* [EXERCISE AIM] Return only the stretch of the material below that begins with the line containing "CHANEL STYLE CC" and ends with the line containing "Pair of sconces Bronze 3 lights Louis XV", exactly; both of those lines belong to it.

* [DATA IN THIS EXERCISE]
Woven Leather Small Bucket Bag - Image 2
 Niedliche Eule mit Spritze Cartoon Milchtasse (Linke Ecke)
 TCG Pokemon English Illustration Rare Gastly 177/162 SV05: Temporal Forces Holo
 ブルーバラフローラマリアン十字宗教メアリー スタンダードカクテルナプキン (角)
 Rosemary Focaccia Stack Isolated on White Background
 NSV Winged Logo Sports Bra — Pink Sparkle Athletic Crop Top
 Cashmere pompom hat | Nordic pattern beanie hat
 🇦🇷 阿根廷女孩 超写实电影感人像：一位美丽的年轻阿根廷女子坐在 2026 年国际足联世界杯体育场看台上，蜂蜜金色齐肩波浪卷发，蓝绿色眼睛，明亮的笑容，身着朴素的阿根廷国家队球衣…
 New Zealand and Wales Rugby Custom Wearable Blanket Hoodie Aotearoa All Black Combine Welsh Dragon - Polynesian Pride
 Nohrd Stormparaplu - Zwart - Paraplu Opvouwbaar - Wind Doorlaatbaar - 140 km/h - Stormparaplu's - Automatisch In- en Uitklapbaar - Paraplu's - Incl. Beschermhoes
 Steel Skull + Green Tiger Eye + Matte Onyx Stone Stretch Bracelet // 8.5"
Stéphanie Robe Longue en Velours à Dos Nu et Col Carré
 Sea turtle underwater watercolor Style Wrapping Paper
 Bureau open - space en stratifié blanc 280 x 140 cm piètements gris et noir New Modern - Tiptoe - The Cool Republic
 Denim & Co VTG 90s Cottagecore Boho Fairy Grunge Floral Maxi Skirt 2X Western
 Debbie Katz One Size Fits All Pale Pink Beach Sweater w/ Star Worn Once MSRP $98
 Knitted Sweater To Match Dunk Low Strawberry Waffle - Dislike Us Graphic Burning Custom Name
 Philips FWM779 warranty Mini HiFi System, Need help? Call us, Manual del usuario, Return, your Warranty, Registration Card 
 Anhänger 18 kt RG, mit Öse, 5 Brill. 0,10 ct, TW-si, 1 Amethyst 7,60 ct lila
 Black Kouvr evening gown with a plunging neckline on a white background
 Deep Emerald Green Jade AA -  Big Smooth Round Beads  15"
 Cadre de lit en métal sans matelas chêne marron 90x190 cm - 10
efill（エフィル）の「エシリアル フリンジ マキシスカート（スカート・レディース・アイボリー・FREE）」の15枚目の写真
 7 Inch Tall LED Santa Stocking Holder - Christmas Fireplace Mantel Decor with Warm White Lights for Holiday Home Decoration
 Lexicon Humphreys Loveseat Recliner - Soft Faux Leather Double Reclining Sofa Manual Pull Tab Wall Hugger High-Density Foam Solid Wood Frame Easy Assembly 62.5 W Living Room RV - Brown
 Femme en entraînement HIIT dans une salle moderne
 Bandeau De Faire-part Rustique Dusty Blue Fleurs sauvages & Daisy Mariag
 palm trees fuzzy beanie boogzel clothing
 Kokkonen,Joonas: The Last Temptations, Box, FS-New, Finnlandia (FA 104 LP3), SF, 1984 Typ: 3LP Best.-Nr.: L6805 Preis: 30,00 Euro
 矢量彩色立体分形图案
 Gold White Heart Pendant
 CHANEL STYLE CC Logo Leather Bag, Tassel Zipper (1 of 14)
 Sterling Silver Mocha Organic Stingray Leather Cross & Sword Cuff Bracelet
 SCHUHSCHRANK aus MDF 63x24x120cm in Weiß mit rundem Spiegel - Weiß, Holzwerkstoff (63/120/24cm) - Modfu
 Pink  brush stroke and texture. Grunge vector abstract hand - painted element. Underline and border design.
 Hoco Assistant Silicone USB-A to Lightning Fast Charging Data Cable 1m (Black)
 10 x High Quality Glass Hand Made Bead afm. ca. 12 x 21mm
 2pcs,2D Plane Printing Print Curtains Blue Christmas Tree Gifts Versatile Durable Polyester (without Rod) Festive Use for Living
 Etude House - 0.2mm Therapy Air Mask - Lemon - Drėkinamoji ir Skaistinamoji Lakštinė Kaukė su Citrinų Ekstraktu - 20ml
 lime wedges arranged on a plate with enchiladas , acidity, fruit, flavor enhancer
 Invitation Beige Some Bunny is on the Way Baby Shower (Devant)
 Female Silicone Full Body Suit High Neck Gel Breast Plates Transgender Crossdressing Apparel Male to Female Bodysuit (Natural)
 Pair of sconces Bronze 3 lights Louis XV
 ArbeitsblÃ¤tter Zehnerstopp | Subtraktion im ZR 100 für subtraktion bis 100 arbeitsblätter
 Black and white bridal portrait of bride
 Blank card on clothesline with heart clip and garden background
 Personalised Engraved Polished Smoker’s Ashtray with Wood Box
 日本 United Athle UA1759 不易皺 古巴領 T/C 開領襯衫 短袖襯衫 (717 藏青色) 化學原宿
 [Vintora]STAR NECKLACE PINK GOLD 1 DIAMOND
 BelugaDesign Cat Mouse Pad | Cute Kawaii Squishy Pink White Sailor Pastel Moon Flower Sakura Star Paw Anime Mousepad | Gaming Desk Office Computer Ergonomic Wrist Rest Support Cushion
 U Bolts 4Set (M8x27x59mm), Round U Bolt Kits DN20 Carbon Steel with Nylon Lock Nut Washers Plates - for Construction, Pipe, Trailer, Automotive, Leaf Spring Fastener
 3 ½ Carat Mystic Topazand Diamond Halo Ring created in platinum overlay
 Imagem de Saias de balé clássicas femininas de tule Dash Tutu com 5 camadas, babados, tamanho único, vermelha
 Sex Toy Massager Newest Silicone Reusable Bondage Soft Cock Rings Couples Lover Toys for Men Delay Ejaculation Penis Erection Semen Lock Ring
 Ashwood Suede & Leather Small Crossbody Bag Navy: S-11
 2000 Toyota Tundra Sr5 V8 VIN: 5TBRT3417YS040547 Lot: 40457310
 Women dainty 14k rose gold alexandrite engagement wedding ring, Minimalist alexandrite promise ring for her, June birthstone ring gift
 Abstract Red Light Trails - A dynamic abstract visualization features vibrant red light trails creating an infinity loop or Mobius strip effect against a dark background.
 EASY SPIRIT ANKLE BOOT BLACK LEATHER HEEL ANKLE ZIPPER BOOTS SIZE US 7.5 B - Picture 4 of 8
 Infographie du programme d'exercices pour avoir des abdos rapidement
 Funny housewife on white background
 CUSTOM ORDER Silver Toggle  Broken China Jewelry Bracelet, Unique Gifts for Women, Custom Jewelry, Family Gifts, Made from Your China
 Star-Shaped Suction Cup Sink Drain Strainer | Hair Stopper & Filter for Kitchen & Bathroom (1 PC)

* [ANSWER TO THE EXERCISE]
 CHANEL STYLE CC Logo Leather Bag, Tassel Zipper (1 of 14)
 Sterling Silver Mocha Organic Stingray Leather Cross & Sword Cuff Bracelet
 SCHUHSCHRANK aus MDF 63x24x120cm in Weiß mit rundem Spiegel - Weiß, Holzwerkstoff (63/120/24cm) - Modfu
 Pink  brush stroke and texture. Grunge vector abstract hand - painted element. Underline and border design.
 Hoco Assistant Silicone USB-A to Lightning Fast Charging Data Cable 1m (Black)
 10 x High Quality Glass Hand Made Bead afm. ca. 12 x 21mm
 2pcs,2D Plane Printing Print Curtains Blue Christmas Tree Gifts Versatile Durable Polyester (without Rod) Festive Use for Living
 Etude House - 0.2mm Therapy Air Mask - Lemon - Drėkinamoji ir Skaistinamoji Lakštinė Kaukė su Citrinų Ekstraktu - 20ml
 lime wedges arranged on a plate with enchiladas , acidity, fruit, flavor enhancer
 Invitation Beige Some Bunny is on the Way Baby Shower (Devant)
 Female Silicone Full Body Suit High Neck Gel Breast Plates Transgender Crossdressing Apparel Male to Female Bodysuit (Natural)
 Pair of sconces Bronze 3 lights Louis XV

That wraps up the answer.